Главному создателю «Догмы» всегда было мало снять фильм и, поставив точку, перейти к следующему. В промежутках между ними Триер успел опубликовать немало манифестов, дать множество интервью, комментариев, пояснений. Кроме манифеста движения «Догма-95» и «Обета целомудрия» – двух программных документов, вызвавших оживленный спор в профессиональном сообществе, – режиссер написал три менее известных манифеста для своей ранней «Е»-трилогии. А в 2001 году презентовал манифест «Догментальное кино» – своеобразную «Догму» для документалистов, причем сделал это не по личной инициативе, а по просьбе коллег (прямого отношения к неигровому кино он до сей поры не имеет).

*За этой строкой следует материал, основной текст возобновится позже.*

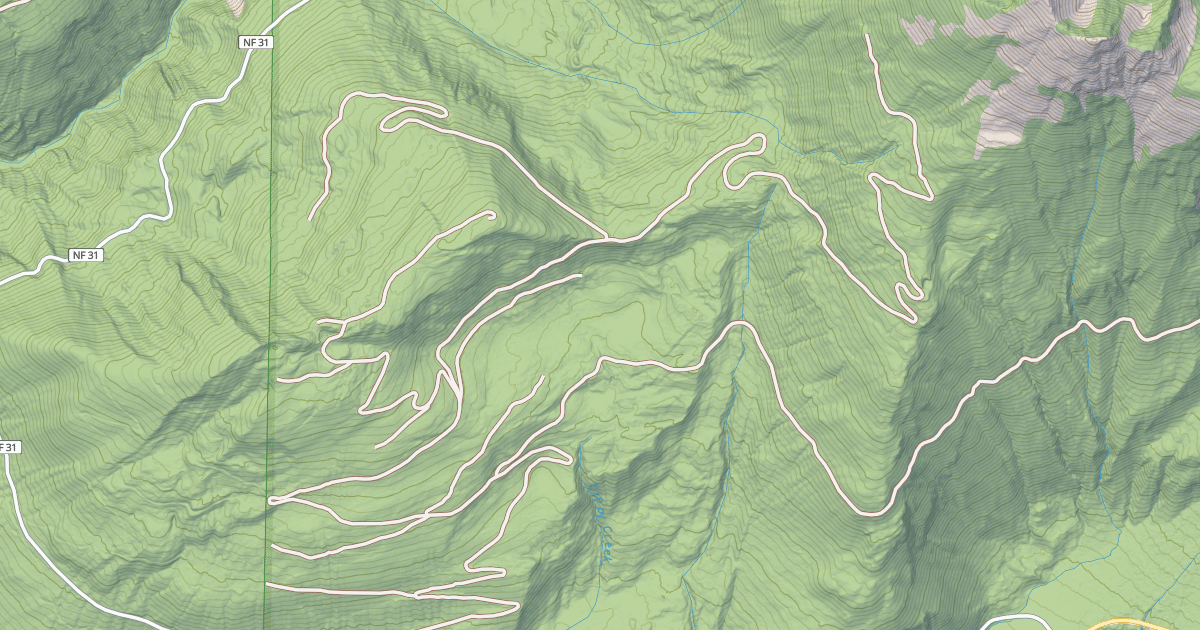 Map preview of WEST CHURCH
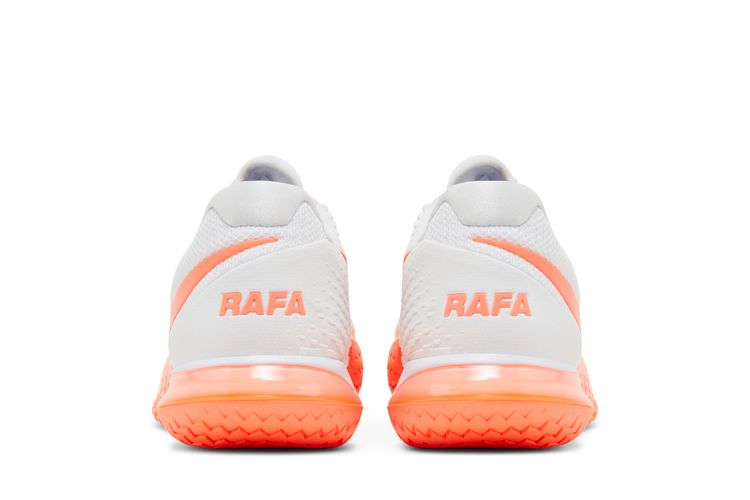 NikeCourt Zoom Vapor Cage 4 Rafa White Bright Mango
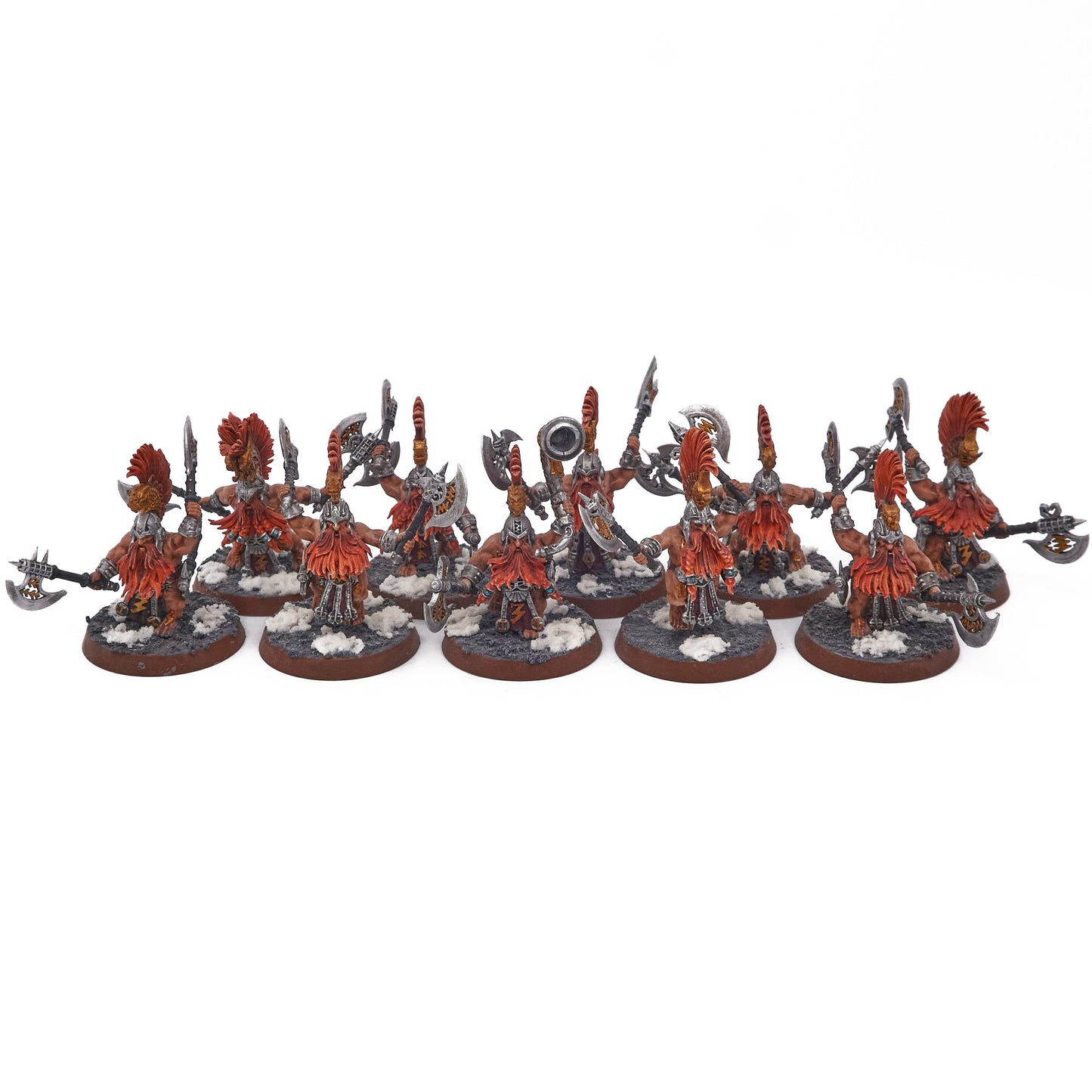 Fyreslayers - Vulkite Berzerkers (16127) - Used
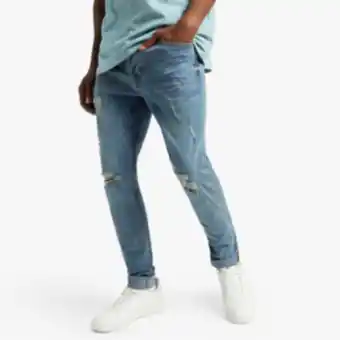 Sportscene Redbat men's medium blue skinny jean offer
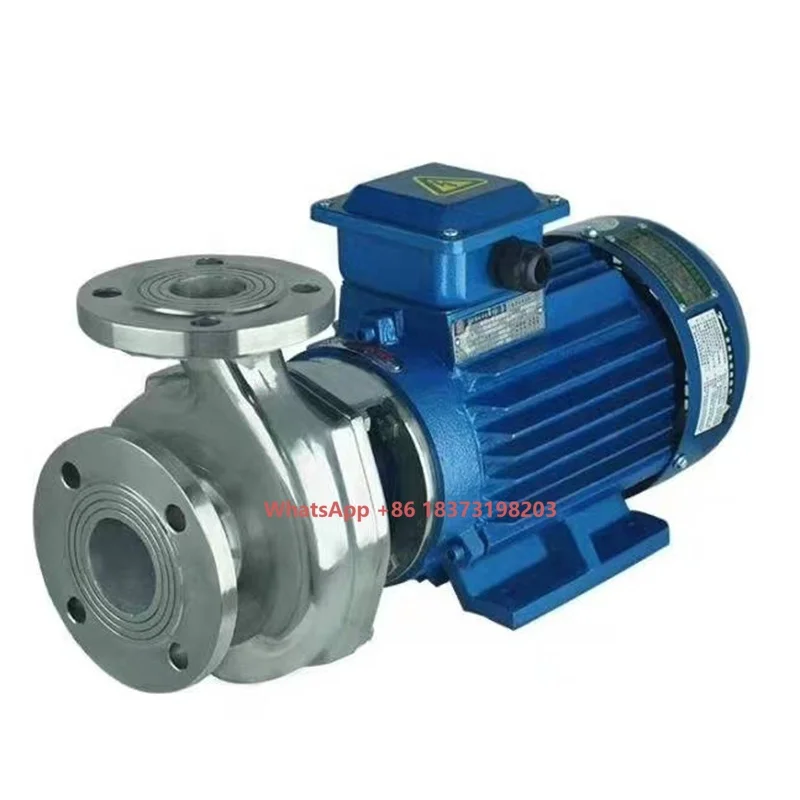 High Quality SS316 Horizontal Centrifugal Electric Marine Sea Water Pump
High Quality SS316 Horizontal Centrifugal Electric Marine Sea Water Pump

Нельзя исключать из этой копилки и триеровские предисловия к фильмам «Рассекая волны» и «Танцующая в темноте». Заметим, что предисловия отличаются от манифестов целым рядом особенностей: их адресность значительно шире, для них, как правило, не свойственны истовость и обвинения. Однако эти тексты все равно подтверждают странную аномалию: потребность датчанина комментировать то, что в ремарках вроде и не нуждается.

Хорошая тому иллюстрация – приостановленный по причине смерти ведущих актеров сериал «Королевство», второй эпизод которого увидел свет в 1994 году. Каждая серия его завершалась лирическим отступлением самого Триера, который на финальных титрах появлялся во фраке Карла Теодора Дрейера и рассуждал о произошедших событиях, как бы обещая остросюжетное продолжение. Забавно, что схожую «пророческую» функцию внутри сериала и без материализовавшегося режиссера выполняют два персонажа – посудомойщики с синдромом Дауна. Они возникают по нескольку раз за эпизод – всегда в изолированном от основной больницы пространстве, всегда среди тарелок, кастрюль – и произносят таинственные фразы о смысле творящихся событий (смысл этот, впрочем, только распыляя). В дальнейшем от «манифестных» практик режиссер отходил все дальше, и, что подтвердил печальный каннский опыт 2011 года, жанр комментирования действительно дается ему не лучшим образом.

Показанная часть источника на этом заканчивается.